Het solo instrument bij uitnemendheid in Duitsland was het orgel. Geheel in een al in de 17e eeuw begonnen traditie bereikte niet alleen het componeren van orgelwerken maar ook de virtuoze uitvoeringspraktijk daarvan een piek dankzij Buxtehude, Georg Böhm (1661-1733) als organist werkzaam in Lüneburg, Johann Pachelbel (1653-1706) die enorm populair werd dankzij zijn Canon en gigue maar wiens orgelwerken met hun Zuid-duitse cantabiliteit en hun op Bach vooruitlopende koraalvoorspelen een veel grotere betekenis hebben, Johann Adam Reincken (1623-1722), Georg Muffat (1653-1704) die Franse en Italiaanse voorbeelden verbond in zijn Apparatus musico-organisticus (maar ook concerti grossi en suites voor strijkorkest schreef) en bovenal natuurlijk Bach wiens muziek voor dit instrument zijns gelijke niet kent. Curieus: tegenover de veelzijdige generalisten als Bach, Händel en Telemann stonden heel specialistische generatiegenoten. Alessandro Scarlatti is het mooiste voorbeeld met zijn klavecimbelwerken.

 


In de laatbarok is ook sprake van een gigantische productie van solo- en triosonates, waarbij Bachs 6 Sonates en partita’s voor vioolsolo en zijn 6 Suites voor cellosolo heel nieuwe en veeleisende uitdagingen vormden (en nog vormen) voor de uitvierenden. Maar ook zijn sonates voor viool, fluit en klavecimbel stonden in hoog aanzien.

 


Georg Philipp Telemann (1681-1767) was een vruchtbaar, veelzijdig en erg populair als componist in zijn tijd. Tijdens zijn leven was hij – ten koste van o.m. Bach – hooggeroemd maar na zijn dood verbleekte zijn ster snel. Philipp Spitta, Bachs eerste biograaf, leverde daaraan een belangrijke bijdrage en ook Händels kwaadaardige uitspraak dat “Telemann even vlot en makkelijk een 8-stemmig motet schrijft als een ander een brief” deed er geen goed aan.

 


Telemann hield zich met allerlei genres bezig en verwerkte veel volksmuziek in zijn oeuvre.
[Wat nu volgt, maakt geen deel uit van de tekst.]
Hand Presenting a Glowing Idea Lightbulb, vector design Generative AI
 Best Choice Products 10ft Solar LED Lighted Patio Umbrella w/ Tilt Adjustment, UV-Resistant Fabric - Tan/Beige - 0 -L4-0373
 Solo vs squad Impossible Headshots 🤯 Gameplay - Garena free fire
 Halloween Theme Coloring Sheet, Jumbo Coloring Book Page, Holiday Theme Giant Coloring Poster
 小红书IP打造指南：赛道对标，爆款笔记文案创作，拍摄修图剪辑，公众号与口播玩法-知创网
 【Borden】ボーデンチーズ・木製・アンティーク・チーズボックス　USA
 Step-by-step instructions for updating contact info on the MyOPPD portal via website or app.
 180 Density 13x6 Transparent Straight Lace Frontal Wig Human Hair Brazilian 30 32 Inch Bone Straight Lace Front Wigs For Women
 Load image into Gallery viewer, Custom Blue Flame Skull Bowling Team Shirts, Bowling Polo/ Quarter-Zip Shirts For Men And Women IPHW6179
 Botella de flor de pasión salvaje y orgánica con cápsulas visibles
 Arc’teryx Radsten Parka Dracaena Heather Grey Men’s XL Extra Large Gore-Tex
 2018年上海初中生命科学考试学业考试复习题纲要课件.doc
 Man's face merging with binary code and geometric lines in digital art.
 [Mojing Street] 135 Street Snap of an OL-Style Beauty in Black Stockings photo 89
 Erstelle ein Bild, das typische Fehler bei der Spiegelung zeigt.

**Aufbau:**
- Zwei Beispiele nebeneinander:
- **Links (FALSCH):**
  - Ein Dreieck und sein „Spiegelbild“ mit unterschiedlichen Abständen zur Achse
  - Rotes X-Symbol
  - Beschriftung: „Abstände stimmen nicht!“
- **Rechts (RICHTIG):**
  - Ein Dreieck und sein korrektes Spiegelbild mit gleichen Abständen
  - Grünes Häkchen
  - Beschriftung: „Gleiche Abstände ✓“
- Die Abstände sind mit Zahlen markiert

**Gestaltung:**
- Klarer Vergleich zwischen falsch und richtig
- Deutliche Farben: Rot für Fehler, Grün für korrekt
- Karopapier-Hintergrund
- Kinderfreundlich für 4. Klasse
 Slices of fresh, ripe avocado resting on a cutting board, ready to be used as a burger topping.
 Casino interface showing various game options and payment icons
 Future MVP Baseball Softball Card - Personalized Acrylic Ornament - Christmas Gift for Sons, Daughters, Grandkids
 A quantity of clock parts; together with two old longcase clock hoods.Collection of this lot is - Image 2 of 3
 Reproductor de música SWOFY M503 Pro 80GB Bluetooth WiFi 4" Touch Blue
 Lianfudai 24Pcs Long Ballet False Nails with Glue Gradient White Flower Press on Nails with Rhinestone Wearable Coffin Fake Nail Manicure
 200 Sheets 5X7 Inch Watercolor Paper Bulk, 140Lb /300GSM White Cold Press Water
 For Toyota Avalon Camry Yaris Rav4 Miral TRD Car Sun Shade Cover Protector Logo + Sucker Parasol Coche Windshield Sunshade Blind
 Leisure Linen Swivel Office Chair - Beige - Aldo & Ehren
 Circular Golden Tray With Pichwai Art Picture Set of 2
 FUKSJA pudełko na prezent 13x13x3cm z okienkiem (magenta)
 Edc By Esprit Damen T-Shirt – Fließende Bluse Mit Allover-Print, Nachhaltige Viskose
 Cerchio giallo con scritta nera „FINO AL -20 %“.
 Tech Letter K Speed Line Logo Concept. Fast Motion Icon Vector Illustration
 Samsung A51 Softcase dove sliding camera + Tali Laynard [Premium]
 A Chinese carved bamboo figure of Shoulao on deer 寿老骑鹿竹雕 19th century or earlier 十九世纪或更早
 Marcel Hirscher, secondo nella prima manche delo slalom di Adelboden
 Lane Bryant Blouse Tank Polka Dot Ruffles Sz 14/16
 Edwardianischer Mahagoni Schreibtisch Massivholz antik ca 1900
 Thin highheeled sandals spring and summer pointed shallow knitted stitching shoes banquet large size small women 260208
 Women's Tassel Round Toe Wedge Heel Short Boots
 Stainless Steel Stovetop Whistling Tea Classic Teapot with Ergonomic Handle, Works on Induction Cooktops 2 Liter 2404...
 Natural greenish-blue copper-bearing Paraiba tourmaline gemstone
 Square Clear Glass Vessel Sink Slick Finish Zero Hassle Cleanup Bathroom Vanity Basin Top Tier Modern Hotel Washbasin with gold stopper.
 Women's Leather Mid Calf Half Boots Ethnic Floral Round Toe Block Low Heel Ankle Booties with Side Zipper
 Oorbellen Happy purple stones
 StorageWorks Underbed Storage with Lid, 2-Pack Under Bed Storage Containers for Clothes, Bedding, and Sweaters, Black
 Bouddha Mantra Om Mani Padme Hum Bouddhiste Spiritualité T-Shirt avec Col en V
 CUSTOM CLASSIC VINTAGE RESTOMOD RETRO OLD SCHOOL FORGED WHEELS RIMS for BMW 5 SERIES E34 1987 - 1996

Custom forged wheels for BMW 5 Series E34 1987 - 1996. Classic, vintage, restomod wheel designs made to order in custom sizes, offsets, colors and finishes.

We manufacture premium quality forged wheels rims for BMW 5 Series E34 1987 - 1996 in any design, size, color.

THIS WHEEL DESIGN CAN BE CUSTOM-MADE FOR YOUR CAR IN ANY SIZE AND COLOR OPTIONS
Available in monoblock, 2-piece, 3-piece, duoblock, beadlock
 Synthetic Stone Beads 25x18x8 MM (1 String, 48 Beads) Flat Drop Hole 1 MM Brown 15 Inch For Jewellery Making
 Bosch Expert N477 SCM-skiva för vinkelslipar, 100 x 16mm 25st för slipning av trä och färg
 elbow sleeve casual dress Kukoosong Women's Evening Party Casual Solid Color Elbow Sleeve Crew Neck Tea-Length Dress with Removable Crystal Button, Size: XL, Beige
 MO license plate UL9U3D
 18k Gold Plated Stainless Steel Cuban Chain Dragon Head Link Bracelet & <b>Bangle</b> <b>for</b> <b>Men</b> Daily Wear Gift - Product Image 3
Concerten voor allerlei solocombinaties, Ouverture-suites waarvan die in a voor fluit en strijkorkest het bekendst werd, drie producties van de Tafelmusik – het is slechts een greep. Niet alleen produceerde hij triosonates, maar ook pionierswerk op kwartetgebied verrichtte hij en hij werd niet alleen in Duitsland maar ook in Frankrijk geroemd, was tijdens zijn leven populairder dan Bach. Op zoek naar steeds nieuwe expressiemogelijkheden liet hij vrijwel geen vorm onbeproefd. Een deel van zijn late vocale muziek is van bijzonder belang en met name het oratorium Der Tag des Gerichts uit 1762 en de dramatische cantate Ino uit 1765 zijn van meer dan voorbijgaand belang.